CEVAP :Davalı vekili cevap dilekçesinde özetle; zamanaşımı ve husumet itirazında bulunmuş, ekte sundukları teklif mektubu ile satın alan şirket tarafından verilen bilgilere göre sevk irsaliyesi ve fatura düzenleyerek, malı teslim ettiklerini, bedelin ödenmemesi üzerine icra takibi başlattıklarını, ödeme emrinin şirket yetkilisine tebliğ edilerek, kesinleşmesi üzerine İİK gereğince haciz talebinde bulunduklarını, kendilerine tanınan hukuki imkanlar kullanılarak alacağın tahsili için işlemler yapıldığını, bir hukuksuzluk olmadığını, taleplerinin İcra Müdürlüğü tarafından değerlendirilip kabul edilerek işlem yapıldığını, bu nedenle kendilerine dava açılmasının mümkün olmadığını, usulsüz işlemlere karşı başvurulacak yolların kanunda tanımlandığını, davacının da bunlara başvurması üzerine yargılama yapılarak Mahkemece karar verildiğini, yargılama sırasında takibin durmasına dair bir karar verilene kadar işlem yapılmasında kanunen bir engel olmadığını, Anayasa’da ifade edilen hak arama hürriyetlerini kullandıklarını, davacı tarafça maddi zarar olarak talep edilen şirket yetkilisi, eşi ve çocuğunun bilet paraları, yemek bedelleri, otopark ücretlerinin neden harcandıklarının tespiti mümkün olmadığından reddi gerektiğini, davacının tüzel kişilik olduğu için manevi tazminat talep edemeyeceğini, kanunlarımızda hangi hallerde manevi tazminat talep edilebileceğinin düzenlendiğini, olayımızda bu hallerden hiçbirisi bulunmadığı gibi davalıdan böyle bir talepte bulunulmasının da mümkün olmadığını, talep edilen miktarın fahiş olduğunu, davacının 2016-2017 yılı Kurumlar Vergisi Beyannamesinin matrahsız olduğu gözetildiğinde manevi tazminat olarak talep edilen tutarın anlaşılamadığını, davacının haksız manevi tazminat talebini haklı bir çerçeve içine sokma çabasının dinlenmesinin mümkün olmadığını, davacının kredi limitinin bu icra takibi nedeniyle indiği ve ticari itibarının zedelendiği iddiasının gerçekliğini ve nedenlerini bilmelerinin mümkün olmadığını, matrahsız olan bir şirketin kredi limitinin bankaca indirilmesi gerekçesinin kendilerine yüklenmesinin kötüniyetli olduğunu, 7.000-TL tutarındaki bir icra takibi için kredi limitinin 500.000-TL indirilmesinin hayatın olağan akışına aykırı olduğunu beyanla davanın reddini talep etmiştir.

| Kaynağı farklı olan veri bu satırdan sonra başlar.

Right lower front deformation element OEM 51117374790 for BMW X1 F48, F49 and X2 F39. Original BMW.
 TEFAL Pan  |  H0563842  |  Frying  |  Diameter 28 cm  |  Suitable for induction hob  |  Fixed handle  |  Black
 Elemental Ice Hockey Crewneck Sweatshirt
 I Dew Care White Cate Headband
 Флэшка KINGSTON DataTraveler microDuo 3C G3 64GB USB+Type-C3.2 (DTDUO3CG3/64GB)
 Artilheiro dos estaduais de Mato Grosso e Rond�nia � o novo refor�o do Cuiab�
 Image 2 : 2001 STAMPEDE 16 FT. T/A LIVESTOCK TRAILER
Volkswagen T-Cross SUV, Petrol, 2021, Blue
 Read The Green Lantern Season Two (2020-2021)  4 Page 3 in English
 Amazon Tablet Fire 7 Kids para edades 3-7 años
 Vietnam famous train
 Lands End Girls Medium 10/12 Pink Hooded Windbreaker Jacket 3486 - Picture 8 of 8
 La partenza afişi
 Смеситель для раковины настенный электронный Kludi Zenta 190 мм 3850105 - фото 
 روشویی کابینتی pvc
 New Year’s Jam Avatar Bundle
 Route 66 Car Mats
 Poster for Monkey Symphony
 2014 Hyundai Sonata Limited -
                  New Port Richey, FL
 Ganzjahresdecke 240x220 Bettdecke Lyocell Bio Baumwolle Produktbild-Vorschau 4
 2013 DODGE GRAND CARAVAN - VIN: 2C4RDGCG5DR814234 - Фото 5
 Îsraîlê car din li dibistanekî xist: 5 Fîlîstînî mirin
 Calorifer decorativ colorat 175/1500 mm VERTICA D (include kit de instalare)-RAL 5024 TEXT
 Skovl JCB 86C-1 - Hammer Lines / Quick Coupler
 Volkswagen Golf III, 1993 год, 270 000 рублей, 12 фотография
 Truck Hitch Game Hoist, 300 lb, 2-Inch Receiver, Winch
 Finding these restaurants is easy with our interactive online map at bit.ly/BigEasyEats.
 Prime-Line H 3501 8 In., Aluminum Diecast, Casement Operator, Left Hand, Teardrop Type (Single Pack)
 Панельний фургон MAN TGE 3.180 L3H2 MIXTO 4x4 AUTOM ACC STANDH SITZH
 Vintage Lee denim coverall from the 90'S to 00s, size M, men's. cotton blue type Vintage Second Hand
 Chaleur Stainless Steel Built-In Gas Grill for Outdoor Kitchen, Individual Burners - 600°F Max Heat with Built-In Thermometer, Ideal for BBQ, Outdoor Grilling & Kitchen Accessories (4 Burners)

DELİLLER :Ankara … İcra Dairesinin … esas sayılı takip dosyası, Ankara …. İcra Hukuk mahkemesinin … esas sayılı dosyası, ticaret sicil kayıtları, davacının maddi zararına ilişkin fatura ve ödeme makbuzları, … Bank … Şubesi ve … … Şubesinin cevabi yazıları, 07/08/2019 tarihli bilirkişi raporu ile tüm dosya kapsamı.
GEREKÇE :Dava, haksız icra takibi ve haciz işlemlerinden kaynaklanan maddi ve manevi tazminat talebine ilişkindir.
Ankara …. İcra Müdürlüğünün … esas sayılı takip dosyası ile Ankara … İcra Hukuk Mahkemesinin … esas sayılı dosyası getirtilerek dosya arasına alınmıştır.
Davacı şirketin 2013-2017 yıllarına arası kredibilite raporları ve kredi limitlerindeki değişiklikler, … Bank … Şubesi Müdürlüğü ile … T.A.Ş. … Şubesine müzekkere yazılarak dosyaya kazandırılmıştır.
Taraf delilleri toplandıktan sonra davacı tarafça talep edilebilecek maddi tazminatın hesaplanması bakımından bilirkişi incelemesi yaptırılmasına karar verilmiş, konusunda uzman hesap bilirkişisinden 07/08/2019 tarihli rapor alınmıştır.
Taraf iddia ve savunmaları, toplanan tüm deliller ve benimsenen 07/08/2019 tarihli bilirkişi raporu birlikte değerlendirilmiştir:
Davalı şirket tarafından, dava dışı …. Ltd. Şti. aleyhine Ankara … İcra Müdürlüğünün … esas sayılı dosyasıyla, 28/03/2013 tarihinde 7.380,90 TL alacağın tahsili amacıyla ilamsız icra takibi başlatıldığı, çıkartılan ödeme emrinin anılan şirketin “… Mah…. Sok.No:… Çankaya/Ankara” adresinde ve şirket yetkilisi … …’e tebliğ edildiği halde, süresinde itiraz edilmemesi nedeniyle takibin kesinleşmesi üzerine, sırf kendisi tarafından düzenlenen faturada gerçek borçluya ait vergi numarası yerine davacı şirkete ait vergi numarasının yazılmış olmasına dayalı olarak, 3. kişi konumundaki davacı şirkete yönelik haciz işlemleri başlatıldığı, bu durumun öğrenilmesi üzerine davacı şirket tarafından gerçek borçlu ile bağlantılarının olmadığına dair icra dosyasına birden çok yazılı olarak bildirimde bulunulmasına ve iki kez davacı şirkete ait araçlar üzerindeki hacizlerin kaldırılmasına rağmen, davalı tarafça davacı şirket aleyhinde haciz ve muhafaza işlemlerine devam edildiği getirtilen icra dosyası içeriği ile sabittir.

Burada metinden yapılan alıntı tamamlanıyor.